There are several ways to do VOD:

Direct download
Progressive download -- starts showing as soon as you have enough in the buffer. Buffer runs dry leads to the dreaded ---BUFFERING--- ...
Adaptive streaming -- can lead to pixelated video during low bandwidth
Streaming -- ship the data as fast as you can. Need a reliable network. In the cable industry, they can control the network, so that's what they use.

Constraints

Tiny buffers on set-top boxes, client-side
Accurate and stable delivery rate. With small buffers, if you don't deliver fast enough, the video stops. If you go too fast, and you're using udp, the data's just dropped.
Scalable -- lots of customers. Peak usage ~1M VOD sessions simultaneous across their footprint.

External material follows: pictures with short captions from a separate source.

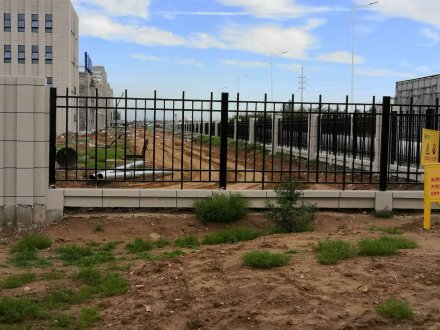 鋅鋼護(hù)欄和鋁合金護(hù)欄哪個好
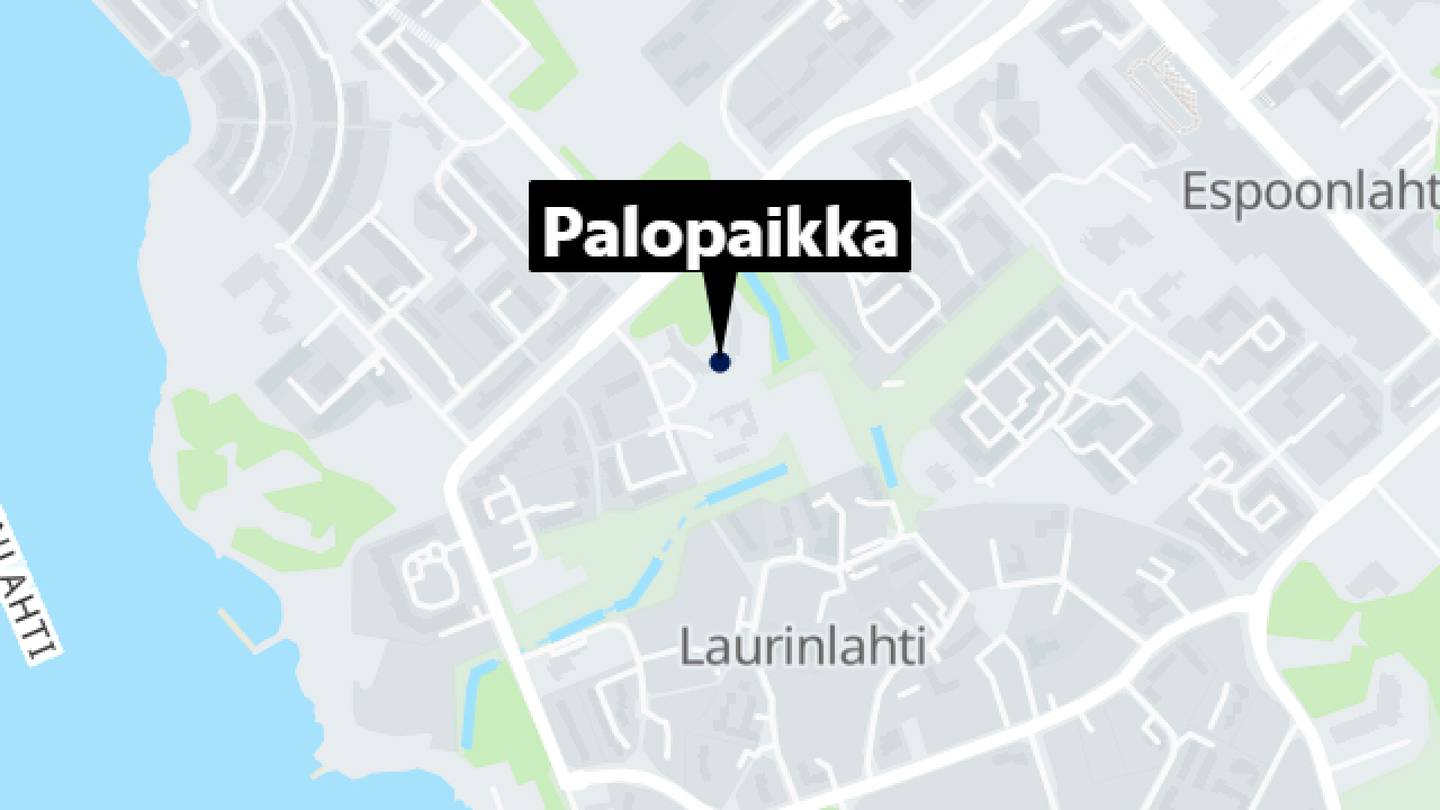 Espoo | Laurin­lahden koulu tulessa – ”Liekkejä ja savua”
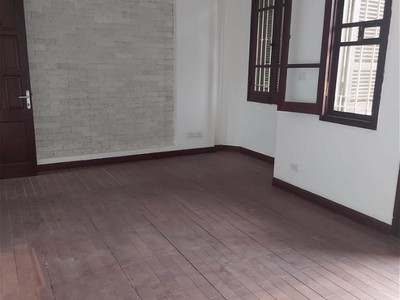 Chính chủ cho thuê căn hộ 2N1K tại phố chùa láng 334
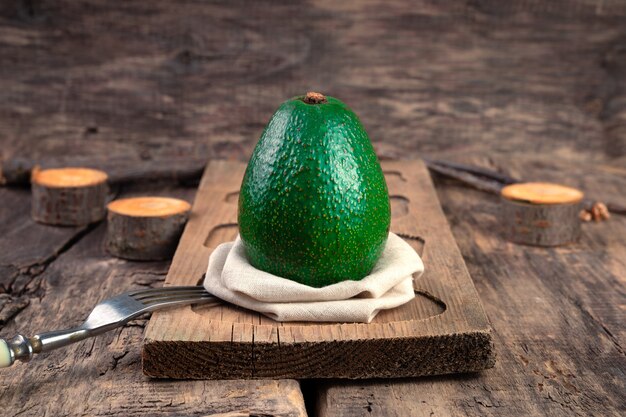 Foto reife avocado auf holz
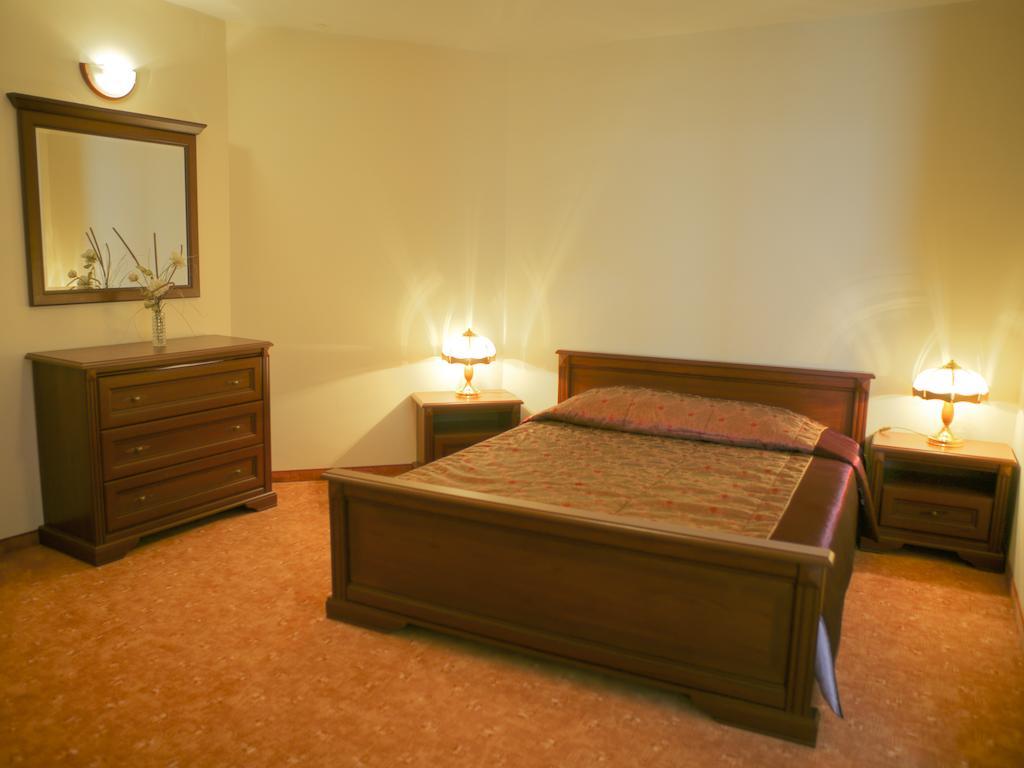 Hotel Bulgaria Dobrich Habitación foto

Today we're talking about the part of the process called the pump. It runs on "real hardware", not in the cloud. It reads from a local cache (which reads from an internal CDN (content delivery network)), and sends to the network. It reads from the cache in ~1M chunks via http requests.

So the pump takes the 1M chunks of data and chops it up and sends it out.

Performance Requirements

Hardware

Bare metal
56 CPU's (28 hyperthreaded cores)

Target Capacity

Max video output / server: 16 Gbps
Typical stream bitrate: 4.5 Mbps
Max concurrent streams / server: 3,500

Packet Sizes

Ethernet MTU: 1,500 bytes
MPEG-TS packet: 188 bytes
Seven MPEG-TS packets: 1,316 bytes

So the pump groups 7 188-byte MPEG-TS packets into single 1,316 byte UDP packets.

Single Stream Packet Rates

427 UDP packets/s
One UDP packet every 2.34 milliseconds

That's pretty close tolerances.

Single CPU Packet Rates

63 streams per CPU
27,000 UDP packets/s
One UDP packet every 37 µs

So ya gotta be punctual!

Implementation Experience

Initial transmitter algorithm

Start simple!

One goroutine per stream
One rate limiter per stream: don't send packets too quickly or too slowly.
A time.Ticker for periodic wake-ups: wake up the goroutine periodically
On wake-up: Send a packet if rate limit allows

With Go 1.9, had to run five pumps per server to handle full capacity.

This scaled well horizontally.

But ... didn't really dig into why they needed five pumps. This becomes important later.

Later upgraded to Go 1.11. Skipped 1.10. So upgraded to 1.11, started load testing, and hit a snag. The same code built with 1.11 used more CPU than when built with 1.9. They were already at capacity, so that was bad.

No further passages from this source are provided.